Das Votum des brasilianischen Abgeordnetenhauses für Dilma Rousseffs Absetzung ist annulliert.

(Foto: REUTERS)
  • Das Amtsenthebungsverfahren gegen die brasilianische Staatschefin Dilma Rousseff wurde annulliert.
  • Der Übergangspräsident des Abgeordnetenhauses ordnete eine Wiederholung der Parlamentsabstimmung an.
  • Aber der Senat stellt sich gegen einen Stopp des Verfahrens.

Der Übergangspräsident des brasilianischen Abgeordnetenhauses hat das Votum der Parlamentskammer für ein Amtsenthebungsverfahren gegen Staatschefin Dilma Rousseff annulliert.Waldir Maranhao erklärte das Abstimmungsergebnis von Mitte April für ungültig und ordnete eine Wiederholung der Sitzung an, wie in Brasília offiziell mitgeteilt wurde. Maranhao führte als Begründung an, dass die Beratungen des Abgeordnetenhauses vom 15. bis 17. April durch eine "Vorverurteilung" der Präsidentin gekennzeichnet gewesen seien. Rousseffs Recht auf "umfassende Verteidigung" sei verletzt worden. Daher müsse eine neue Debatte angesetzt werden.
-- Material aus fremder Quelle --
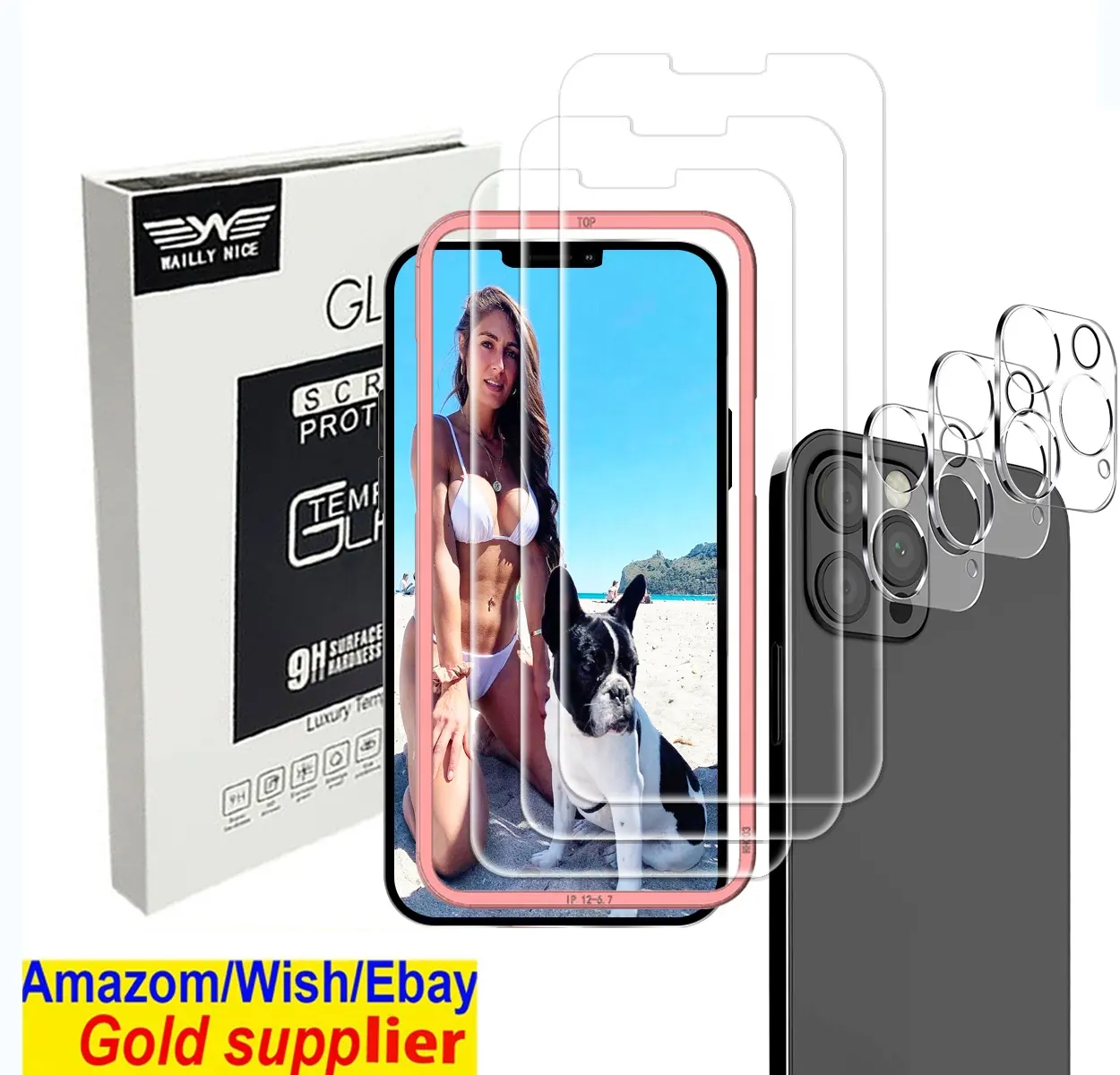 Amazon Top Verkoper Product 3 Pack Case Vriendelijke Installatie Tool Gehard Glas Screen Protector Voor Iphone 11 12 13 Pro max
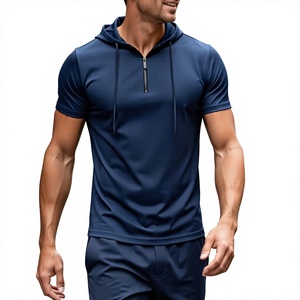 Men's Hooded Short Sleeve T-Shirt Solid Color Quick Dry Regular Fit Casual Knitted Polyester Jersey 200g Blue - Product Image 1
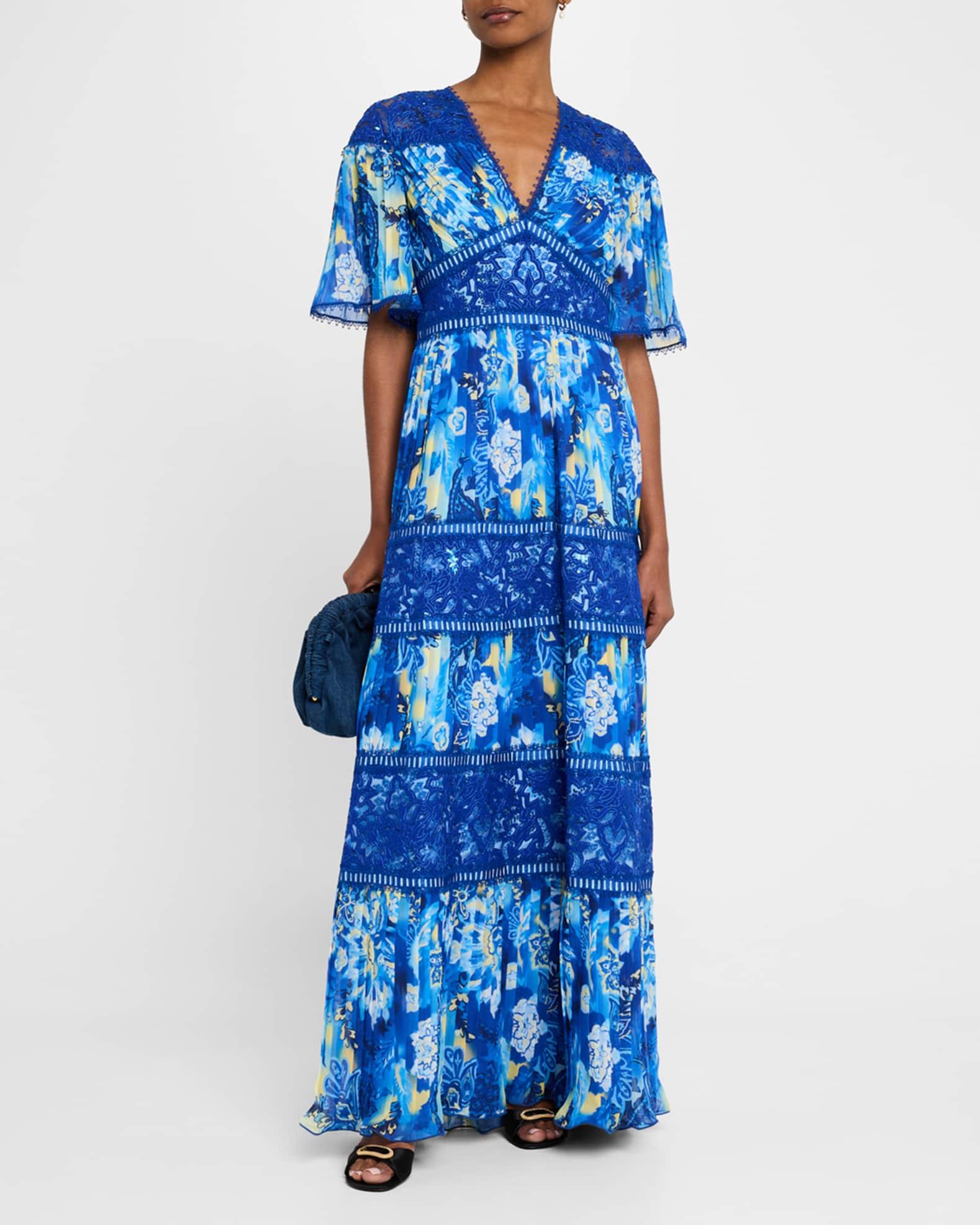 Tiered Lace-Trim Pleated Chiffon Gown Product Image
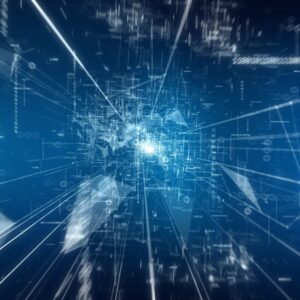 Abstract blue data tunnel with central light burst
Allerdings lehnt der Senat einen Stopp des Verfahrens ab. Das Amtsenthebungsverfahren solle wie geplant fortgesetzt werden, erklärte Senatspräsident Renan Calheiros - und stellte sich damit gegen Übergangspräsidenten Maranhao. Damit ist unklar, ob der Senat überhaupt entscheiden kann, da das Votum der Abgeordneten dafür Voraussetzung ist. Im Senat zeichnet sich eine klare Mehrheit dafür ab, Rousseff zur Prüfung der Vorwürfe für 180 Tage zu suspendieren.

Offizieller Vorwurf: Tricksereien beim Haushaltsentwurf für 2015

Rousseff wird Korruption vorgeworfen - das Verfahren gegen sie gilt als umstritten. Offiziell werden ihr Tricksereien beim Haushaltsentwurf für 2015 vorgeworfen. Andererseits gilt der Prozess als politisch motiviert. Gegen zahlreiche Parlamentarier, die die Amtsenthebung Rousseffs vorantrieben, sind selbst Verfahren wegen Korruption anhängig, etwa im Zuge des Skandals um den staatlichen Ölkonzern Petrobras, der das Land seit mehr als zwei Jahren erschüttert.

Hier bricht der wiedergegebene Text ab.